1889 - William Gray of Hartford, CT patented the coin-operated telephone
1935 - The first roller derby match was held at the Coliseum in Chicago, IL.
COINCIDENCE? I think NOT!
Q. Do all diagnostic procedures require pre-certification?
A. No. Only those you need.
-- A favorite HMO CEO joke
"If conservatives get to call universal healthcare 'socialized medicine,' I get to call private, for-profit healthcare 'soulless, vampire bastards making money off human pain.'"
--Bill Maher
At a ripe, young age of 52, I have experienced both the quick, unexpected loss of friends and family, as well as the slow, lingering, painful, disgustingly slow, (did I say slow) and agonizing death of many elder family and friends. Frankly, if I were in their shoes, I choose the former.
When you look into the eyes of a terminal case, knowing that pain wracks their bodies every single minute, and that current FDA rules preclude their doctor from providing large enough doses of opiates to deal with their pain, you know our system is fucked up. The FDA's response? NO MORE MEDS! THEY WILL BECOME ADDICTED!
Pardon mois? A terminal case, often non-communicative, mostly inert, dying, immobile, pain-ridden, future corpse, with no chance of survival BECOMES AN ADDICT? Talk about moronic maroon morans. Who the hell cares? Give them what they need. Anything else is simply cruel.

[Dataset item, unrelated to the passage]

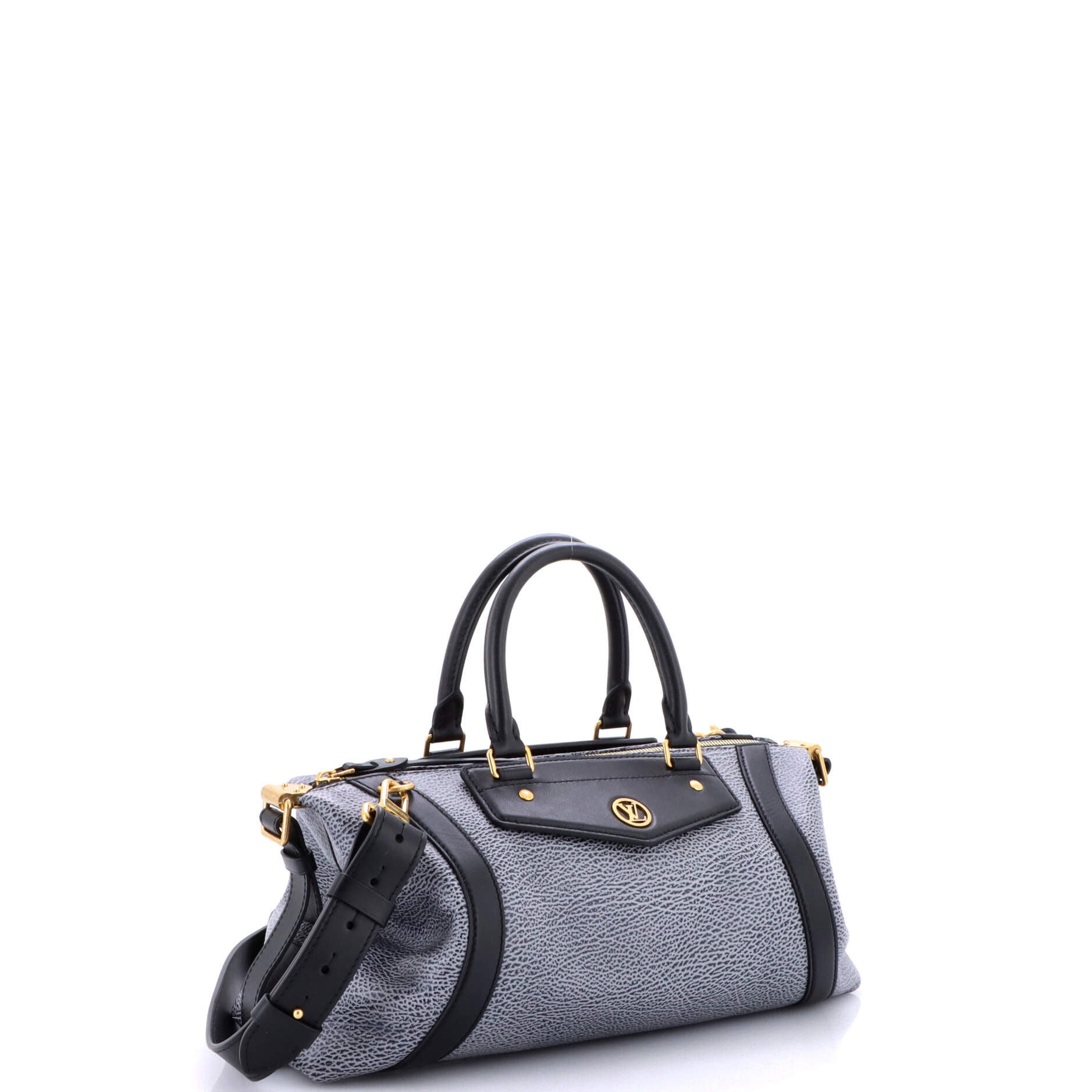 LV Biker Bag Leather MM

It only gets worse. A very good friend is an administrator at a large, Chicago-based, educational medical center. She has the inside numbers. Her speciality causes her to treat those in critical care. And her findings are horrific.

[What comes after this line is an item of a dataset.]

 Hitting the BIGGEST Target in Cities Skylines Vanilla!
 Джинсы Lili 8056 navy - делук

Here is the bald, uncomfortable truth: 40% of every individual's health care costs - for your entire lifetime - are incurred in the last month of life. Wrap your head around that fact for a bit. People who have no chance of survival, people in unremitting, constant, and horrific pain (with inadequate pain relief) people in irreversible comas, and brain-dead corpses that can only be maintained by our great new technologies, THESE PEOPLE EAT UP 40% of the total costs of the total health care costs for every single person in America. Medical costs incurred when there is absolutely no hope for remission or survival. And not just for them, individually, but for every American.
Some reasons are scary, others are simply criminal. In one case she described, many expensive machines were keeping "alive" a corpse, a collection of otherwise inanimate flesh, a brainless, thoughtless piece of maggot food, because of the family's religious views.

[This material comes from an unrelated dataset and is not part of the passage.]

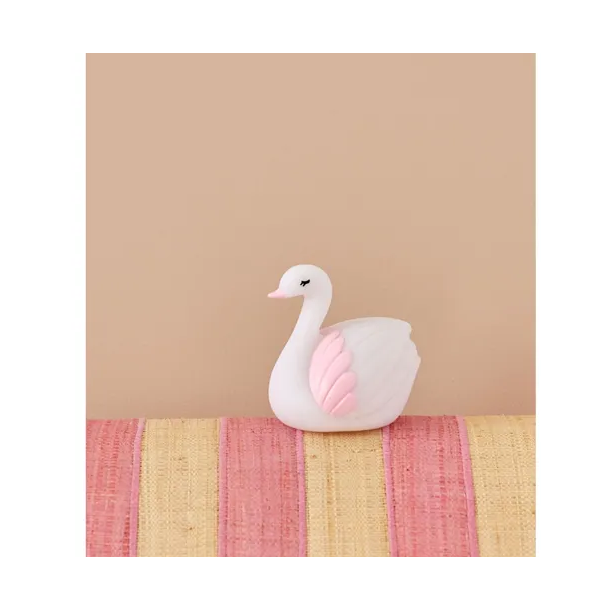 Rice LED natlampe, svane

In several other cases, the pension or disability income for the future corpse was so large, that they refused to even consider disconnecting a brain dead parent or loved one. And they threaten to sue.
In other cases, people simply had no clue that their loved ones' conditions were a one way street. There was no magic cure. There was not future technology that would cure them. They would linger, often in pain, until even the machines could not keep a lump of flesh alive any further.
40% of all health care costs incurred in the last month of life. Per person.
Let's repeat that horrific fact. 40% of all health care costs incurred in the last month of life. Per person.
And now the translation: At the end of all too many people's lives, there is no hope of a cure. There is no possibility of further normal life. There is nothing ahead but death. And frankly, most of the sufferers would welcome the end. Except their families refuse.
Think of the wasted resources. We have comatose people in line for transplants, even though a new kidney, heart or lung will not reverse their fatal condition. We have brain-dead lumps of inanimate flesh wasting the most expensive, high tech, and rather rare and dear machinery, keeping those machines away from newly injured or diseased folks who could actually gain a huge benefit from their intended use. And worst of all, we keep people alive who really have no interest in more pain and suffering.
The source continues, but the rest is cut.